Superb Children’s Programs: Would you expect anything less from Disney? In both the size of facilities and the range of activities, it’s impossible to beat this line.

Disney-Quality Entertainment: The line’s family-oriented musicals are some of the best onboard entertainment today.

Family-Style Cabins: It’s rare in the cruise business to find so many large, cabins that can sleep three, four, or even five people, and have split bathrooms with bath tubs so you can get kids ready for bed even faster.


O Limited Adult Entertainment: Forget about a night out gambling this is one of just a few ships at sea without a casino. There’s an adult-only night entertainment area on board, but it’s often quiet. Packed Pools: Though there are multiple pools on each ship, they’re packed like sardine cans on sunny days, especially the kids’ pools.

Expensive: Compared to other big ship lines such as Carnival and Norwegian, Disney is pricey, running at least a few hundred dollars more.
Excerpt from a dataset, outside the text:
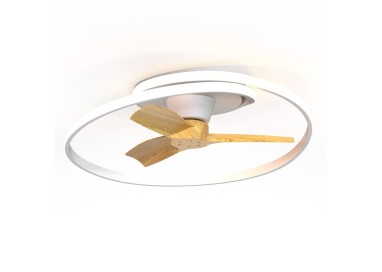 Plafonnier LED 60W Ventilateur 30W OCEAN Blanc/Bois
Though a number of big lines including Royal Caribbean, Carnival, and Norwegian Cruise Line have long offered entertaining programs for children, it was Disney that first set out expressly to create a family vacation that would be as relaxing for parents as for their offspring. If you love Disney’s resorts on land, you’ll love the company’s ships.
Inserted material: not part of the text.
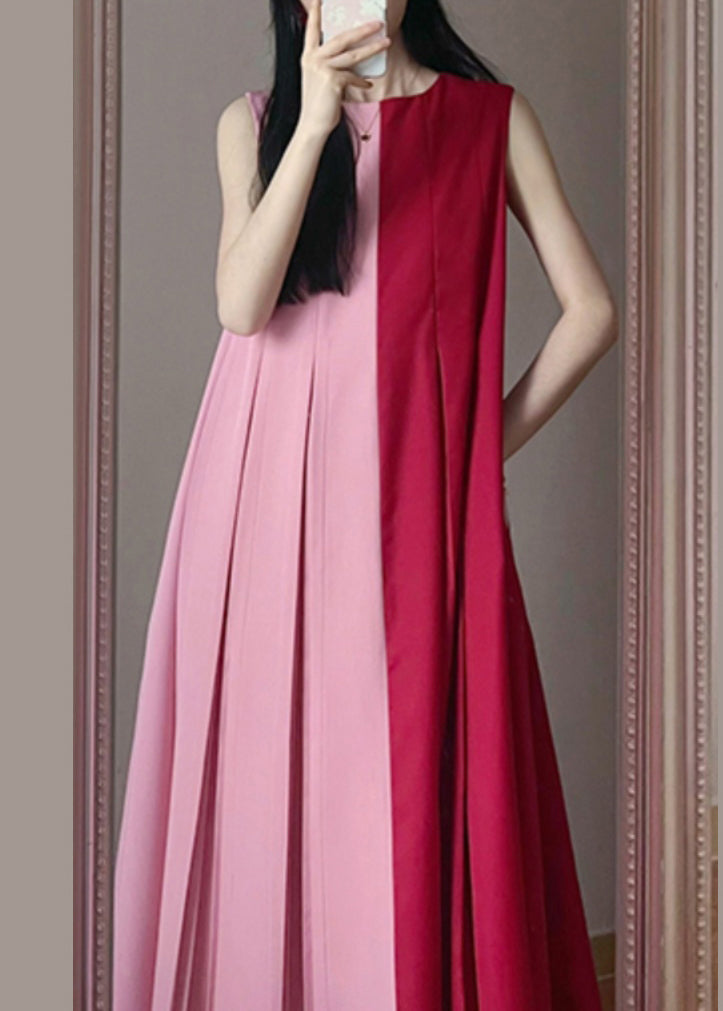 Loose Colorblock O Neck Wrinkled Cotton Long Dress Sleeveless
Both classic and ultra-modern, the line’s ships are like no others in the industry, designed to evoke the grand transatlantic liners of old but also boasting truly innovative features, such as extra-large cabins for families and a trio of restaurants through which passengers rotate along with their waiters. Disney is known for entertainment, of course, and its ships don’t disappoint, with inspired stage shows. The vessels also have separate adult pools and lounges and the biggest kids’ facilities at sea. In many ways, the experience is more Disney than it is cruise (for instance, there’s no casino); on the other hand, the ships are surprisingly elegant, but with little Disney touches everywhere, including subliminal mouse ears in many patterns.


Disney Cruise Line does plenty of Caribbean and Bahamas cruises out of Port Canaveral and Miami, some with visits to Castaway Cay, the line’s impressive private island. These ships also sail west, through the Panama Canal, to California, Mexico, Alaska, and Hawaii, and west to Europe.


Disney’s ships attract a wide mix of passengers, from honeymooners to seniors, but as one might expect, a big percentage is made up of young American families with children. (This isn’t a big line for foreign passengers, though you’ll see a few.) The bulk of the line’s passengers are first-time cruisers, and because the line attracts so many families (sometimes large ones), many of its bookings are for multiple cabins.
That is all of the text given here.